Task directions:
The copy should hold exactly the lines below from the one that contains "Künstlerisches Leopardenmuster Nageldesign" through the one that contains "5th image of 520 E 29th St" and nothing else, so no pictures.

Available data:
════
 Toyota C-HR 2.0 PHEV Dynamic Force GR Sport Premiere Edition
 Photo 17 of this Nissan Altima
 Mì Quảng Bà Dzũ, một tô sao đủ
════
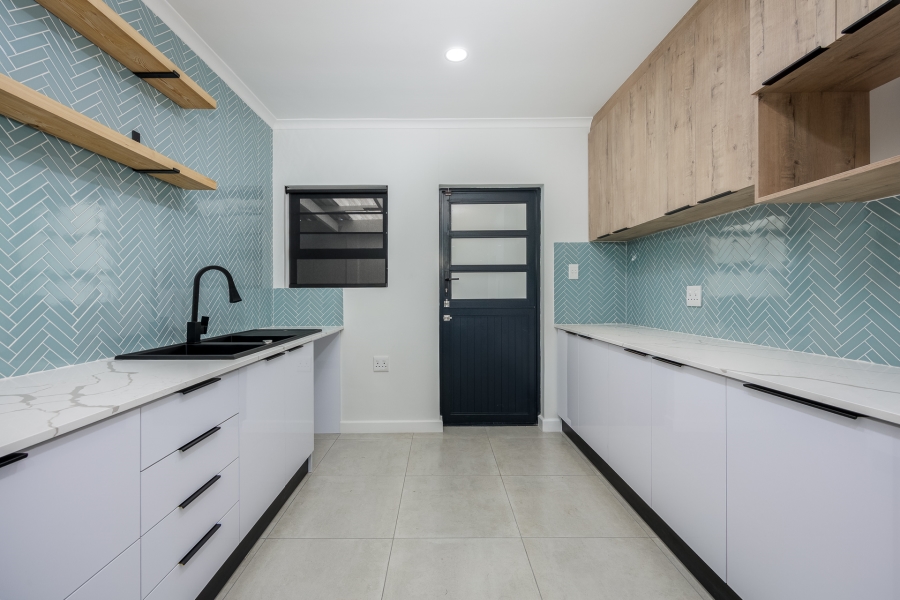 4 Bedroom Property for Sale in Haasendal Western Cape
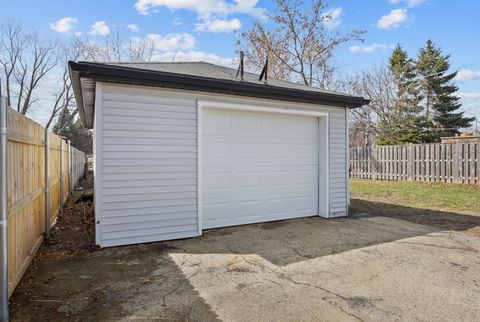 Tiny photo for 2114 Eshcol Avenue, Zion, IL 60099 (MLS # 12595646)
════
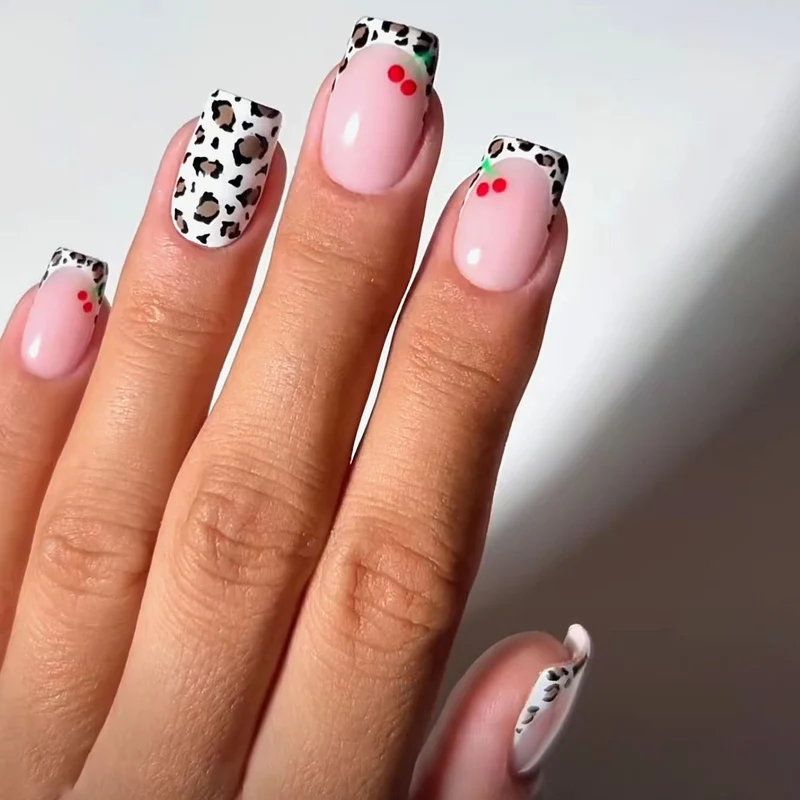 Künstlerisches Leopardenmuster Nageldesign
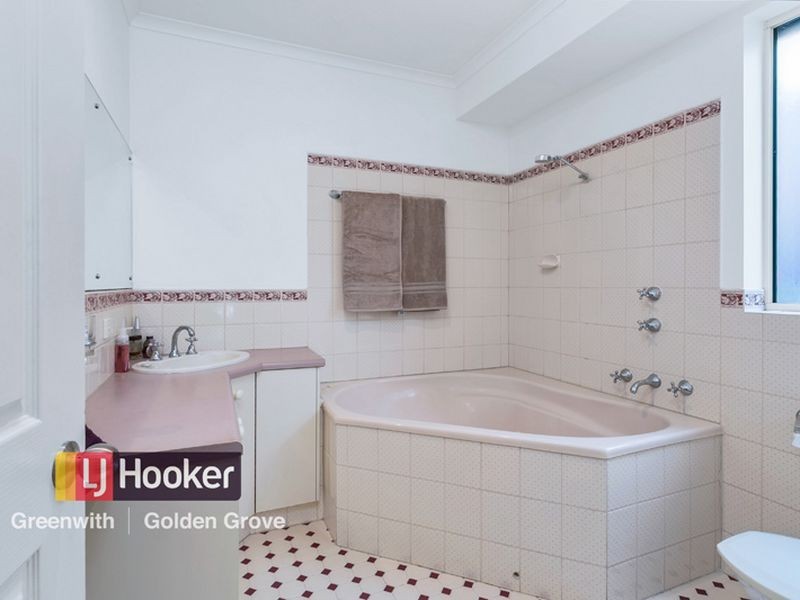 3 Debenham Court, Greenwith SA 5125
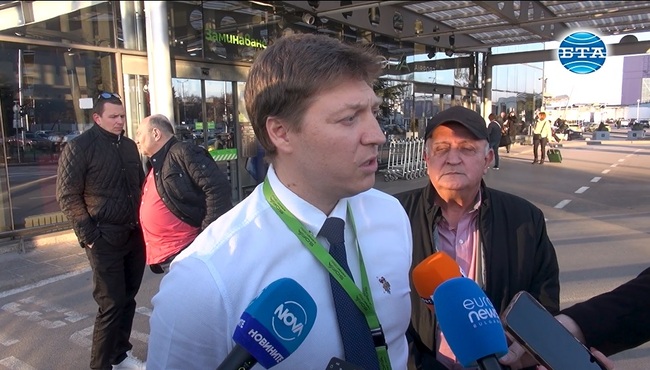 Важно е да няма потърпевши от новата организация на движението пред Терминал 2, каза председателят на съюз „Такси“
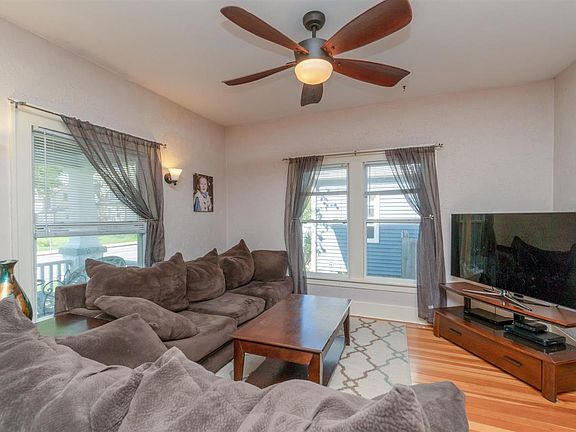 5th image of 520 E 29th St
════
Written response:
 Künstlerisches Leopardenmuster Nageldesign
 3 Debenham Court, Greenwith SA 5125
 Важно е да няма потърпевши от новата организация на движението пред Терминал 2, каза председателят на съюз „Такси“
 5th image of 520 E 29th St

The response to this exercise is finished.